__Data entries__

· · · ·

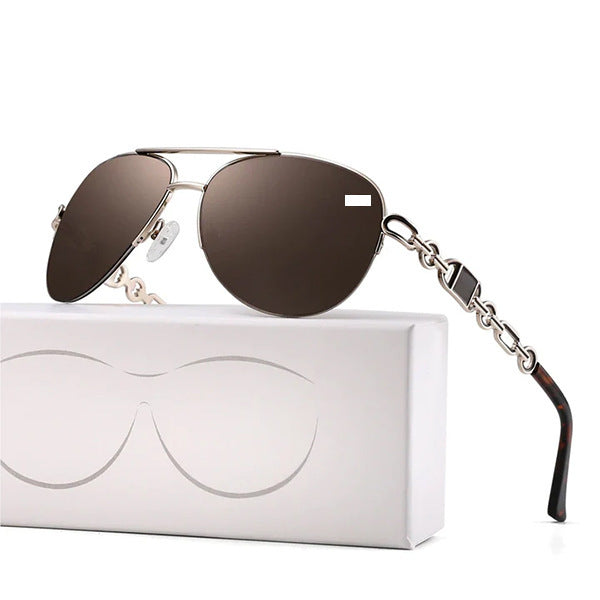 Women Aviator Sunglasses with Fashionable Chain Detail Bowlift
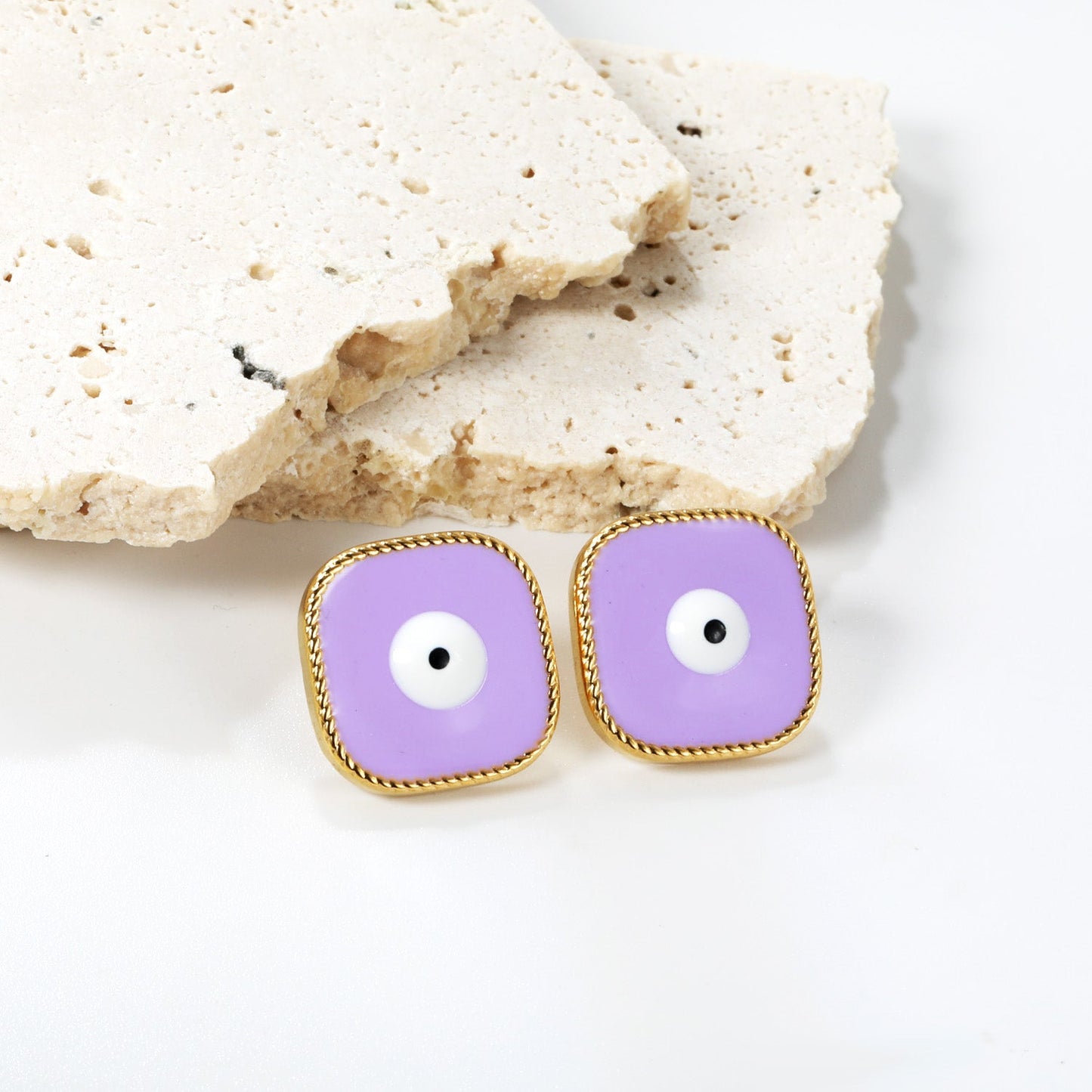 Lace Square with Multi-color Eyelets Multi-color Bottom Oil Drop Earrings 16.5*16.5mm asonjewelry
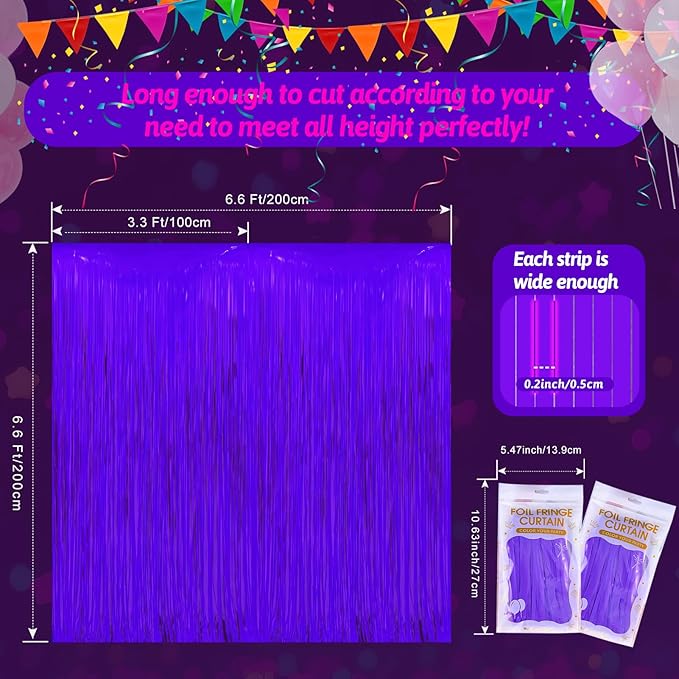 Glow in The Dark Party Supplies 2 Pack Neon Party Decorations Fluorescent Tinsel Foil Fringe Curtains Photo Booth Prop Backdrop Streamer Blacklight Decorations (Neon Purple)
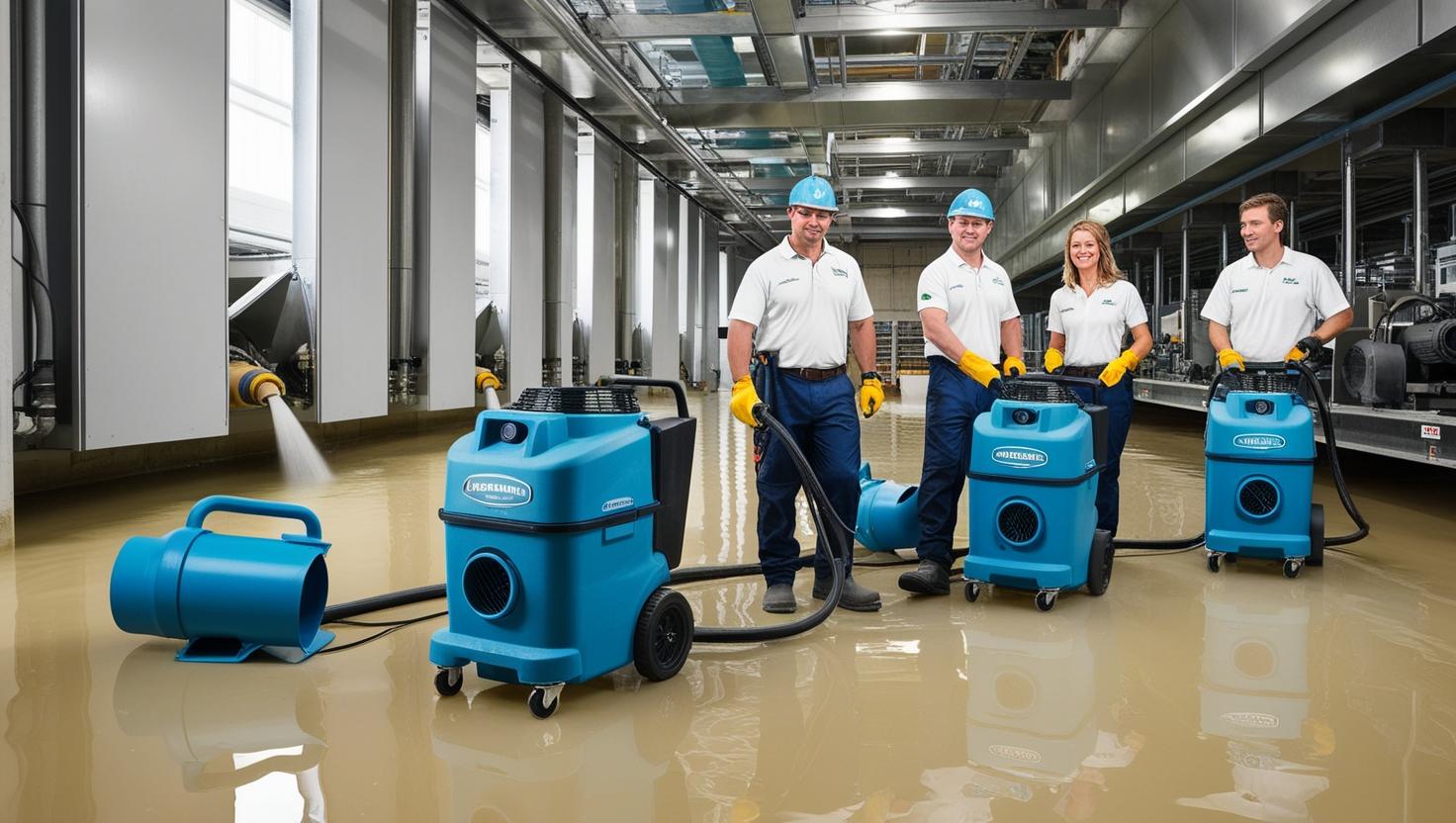 Technicians operating blue commercial dehumidifiers in a large industrial facility with wet floors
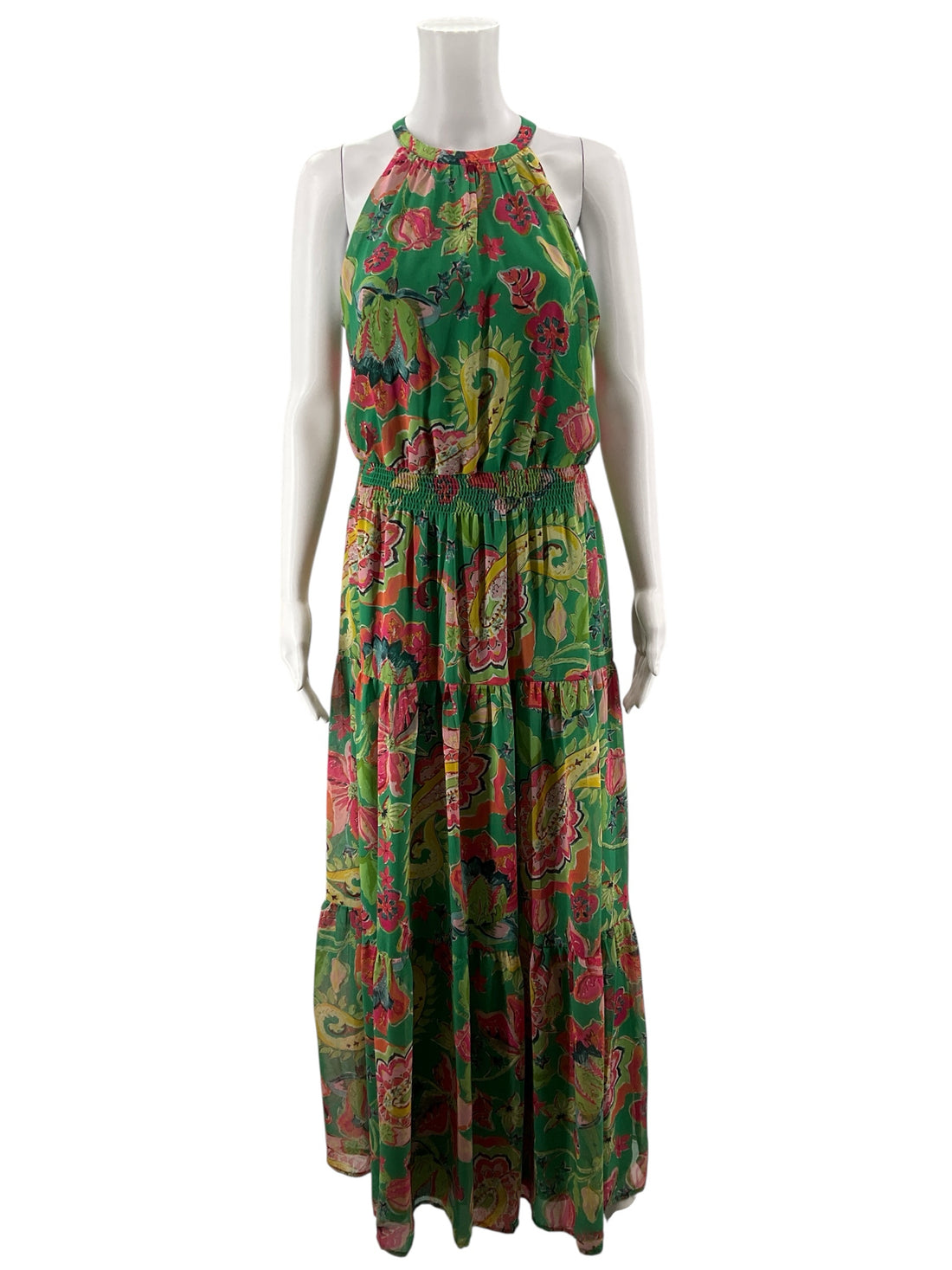 Tahari Green/Pink/Yellow Floral Pre-Owned Ladies Dress - Size 8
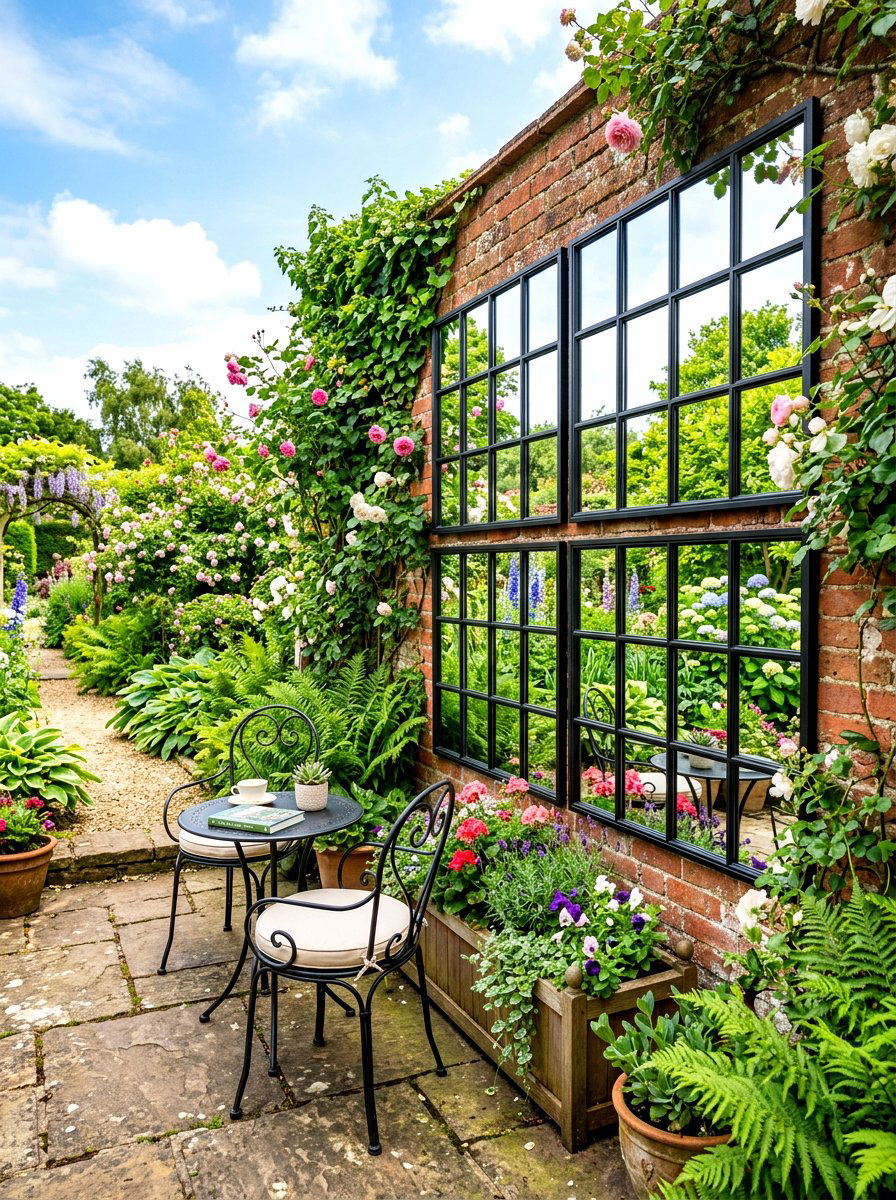 Mirror garden wall decor - 30 long narrow backyard ideas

· · · ·

Please copy only the lines from the one that contains "Technicians operating blue" through the last line of the records, exactly, and keep every picture out of the copy.

__Answer below__
 Technicians operating blue commercial dehumidifiers in a large industrial facility with wet floors
 Tahari Green/Pink/Yellow Floral Pre-Owned Ladies Dress - Size 8
 Mirror garden wall decor - 30 long narrow backyard ideas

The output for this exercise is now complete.